One
of the themes of this site is to emphasise the relationships between
different kinds of structures, and to demonstrate the continuity between
them.
The
example here concerns a Warren truss with nine panels, with a support at
each end. The diagrams below show the forces in the top chord and the
bottom chord for various angles of inclination of the supports. Red
represents compression, with blue for tension. The horizontal white line
represents the zero of force.
The
parameter on each diagram is the angle between the supports and the
vertical. The purple line, dotted in the first example, is the
funicular, which is easy to calculate for a beam of constant mass per
unit horizontal distance, it being a parabola. In some of the diagrams
the funicular goes off the top of the diagram. A beam is simply an arch
whose funicular is infinitely high.
Note
that when the funicular just touches the top chord (angle = 18.6
degrees), there is still some tension in the bottom chord, and the
funicular must be well inside the truss (eg angle = 14.4 degrees) to
eliminate all tension. In the case of angle = 12.4 degrees the funicular
just reaches the edge of the middle third at the top, but of course it
is outside the middle third near the ends. Finally, with angle = 9.3 degrees, the funicular
passes through the centre of the truss.
We
could imagine the same thing with a concrete beam, creating a crude form of
prestressed beam.
We
could invert the whole thing and call it a suspension bridge with a
stiff deck acting as the cable too. We couldn't in this case use
concrete, but we could insert wires along the funicular to take the
tension. This would be a form of prestressing. An even simpler case has
the concrete copying the shape of the cable: this is called a stressed
ribbon.
We
can summarize all this in one diagram, shown below, in which the vertical
axis represents the height of the funicular curve, and the horizontal axis
represents the angle of the forces at the ends of the structure. The two
extremes represent simple beams with vertical supports, piers at the
right, and hangers at the left. Hangers correspond to the case of the
suspended girders of cantilever bridges such as the Quebec bridge. The
regions near the ends of the curve represent beams with inclined supports.

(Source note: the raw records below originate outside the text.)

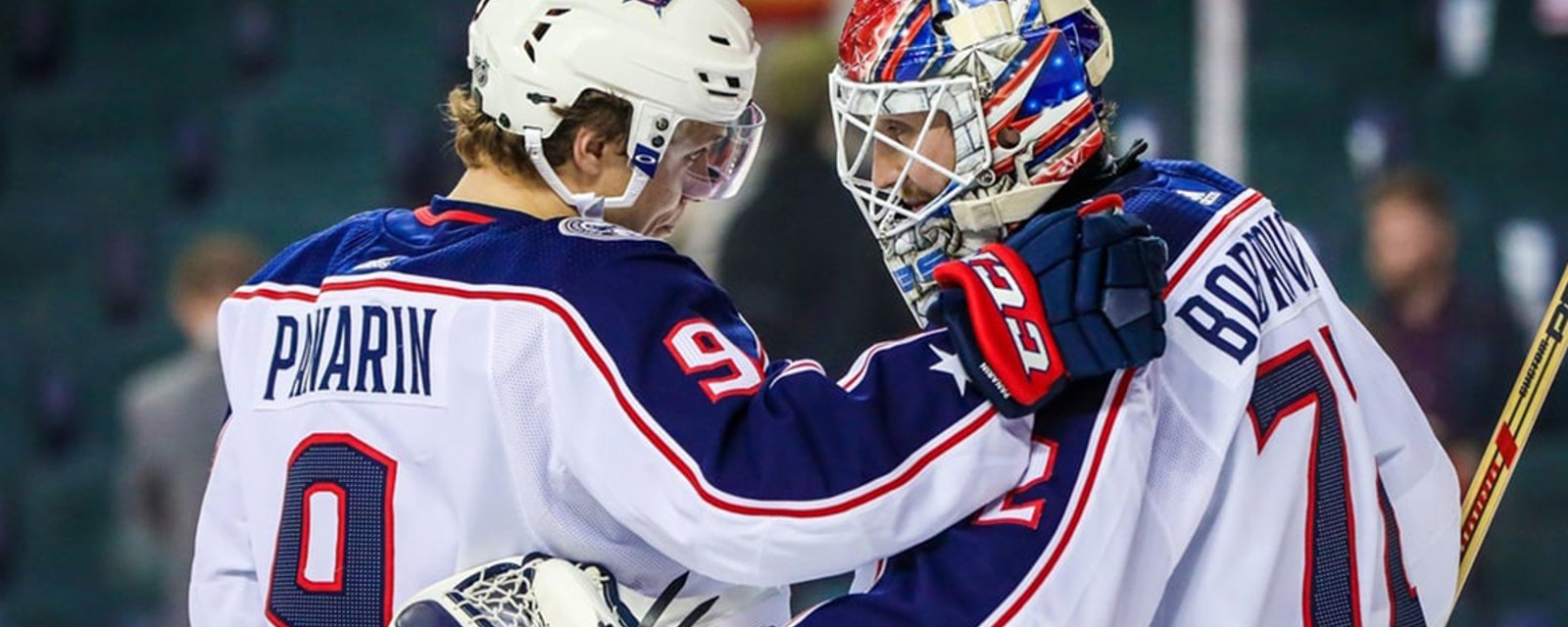 Report: Eastern Conference rival linked to both Panarin AND Bobrovsky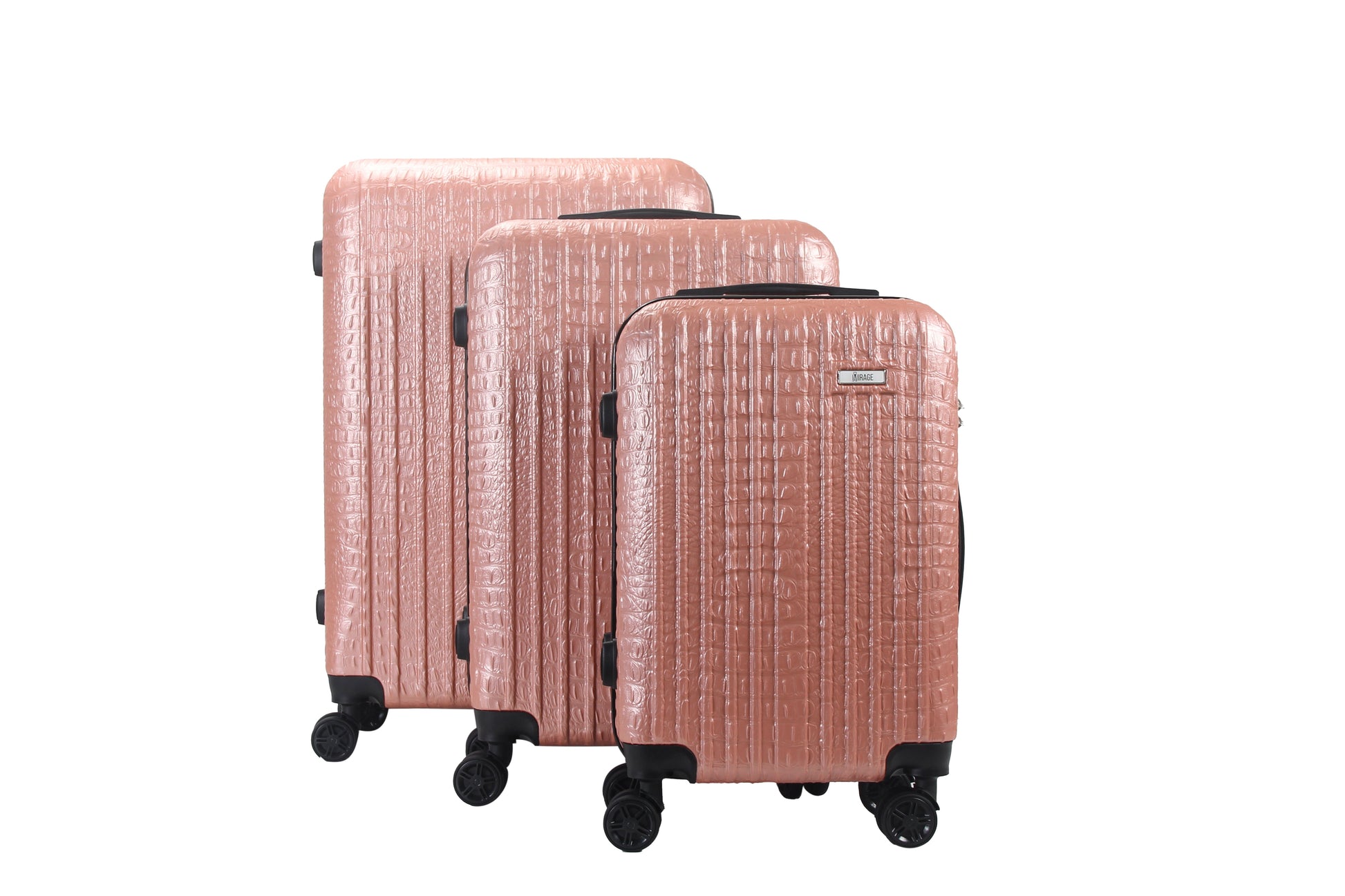 Mirage Danae Abs Hard Shell Lightweight 360 Dual Spinning Wheels Combo Lock 3 Piece Luggage Set - Stiles Supply Co.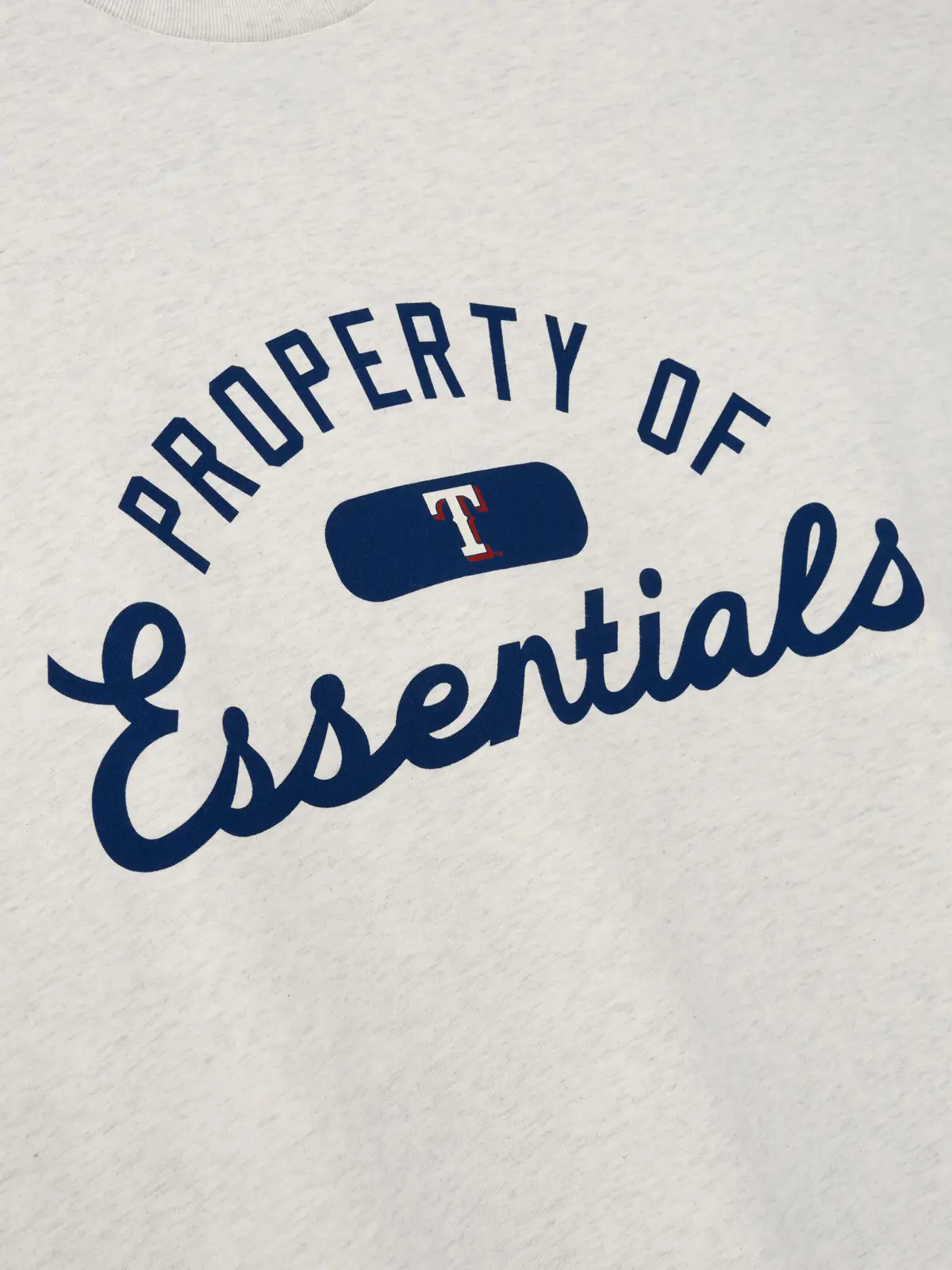 Playera Essentials Rangers Merch Avena Jaspe, Essentials Tee (vista 3)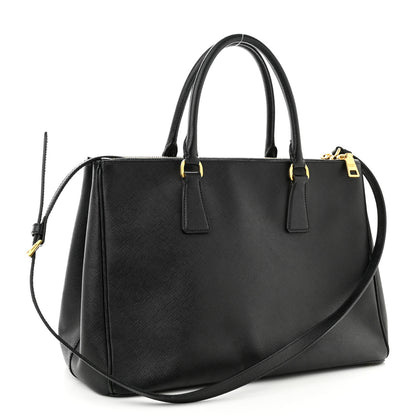 Prada Saffiano Medium Galleria Double Zip Tote Black 3 of 13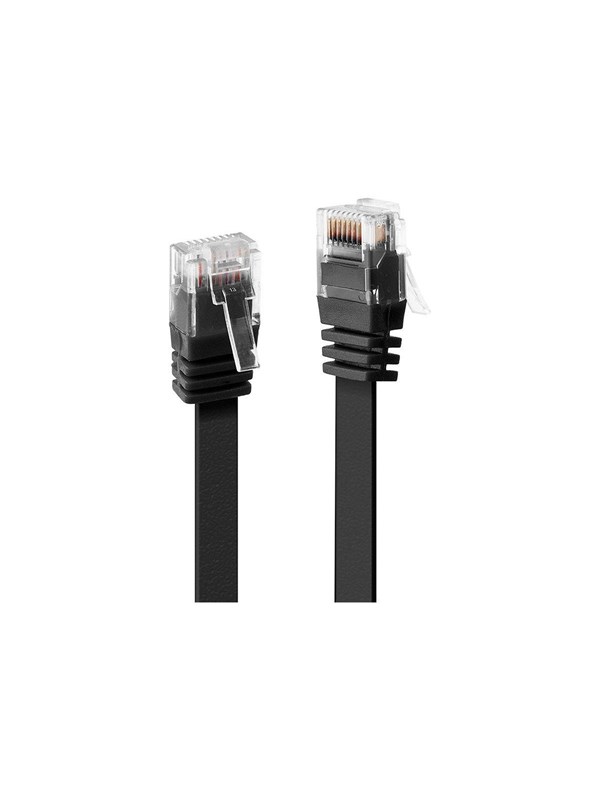 Lindy patch cable - 5 m - black - Svart - 5m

The central region of the graph represents arches and suspension spans,
albeit rather unusual ones in the examples given earlier.
The
method described earlier isn't a good way of making an arch, because the shallow angle implies an
immense outward thrust, but it does illustrate the archbeam relationship.
In reality, we would separate the functions of support and stiffness and
make a deckstiffened arch or a normal suspension bridge. Categories such as arch, beam and cantilever are of course very useful,
but many real structures, especially those with fully three dimensional
complexity, cannot be simply categorized. Many natural forms in the
animal and vegetable world are of this type: they evolved for efficiency
without knowledge of categories and names. All structures are three
dimensional, of course, but in many bridges, the structure is mainly
twodimensional, with a lateral depth in which not much happens except,
perhaps, bracing against wind and water, and, in curved bridges, against the thrust
caused by the curvature of the path of the traffic on the road or rails. In
addition to the graph shown above, we could also have drawn a curve
showing the strength of the horizontal component of thrust at the
abutments, which would be outward for an arch, zero for a beam, and inward
for a suspension bridge. Here is the graph, showing how the outward thrust
would go to infinity if the height of the funicular would reach zero,
meaning of course that you cannot stretch a cable exactly horizontal or
make a perfectly flat arch.
There
is an important point buried in this rather silly example, namely that
fact that the sharing of forces can be controlled. Looking at the Bayonne
bridge, the Hell Gate bridge, and the Sydney Harbour bridge, we see that
the top chords have no abutments, and therefore have little force in them
at their extremities. But by suitable dimensioning of the parts of the
bridges, the designers could have arranged that around the centre of these
bridges, the forces could be shared equally between the top and bottom
chords. Furthermore, engineers can employ jacking during construction.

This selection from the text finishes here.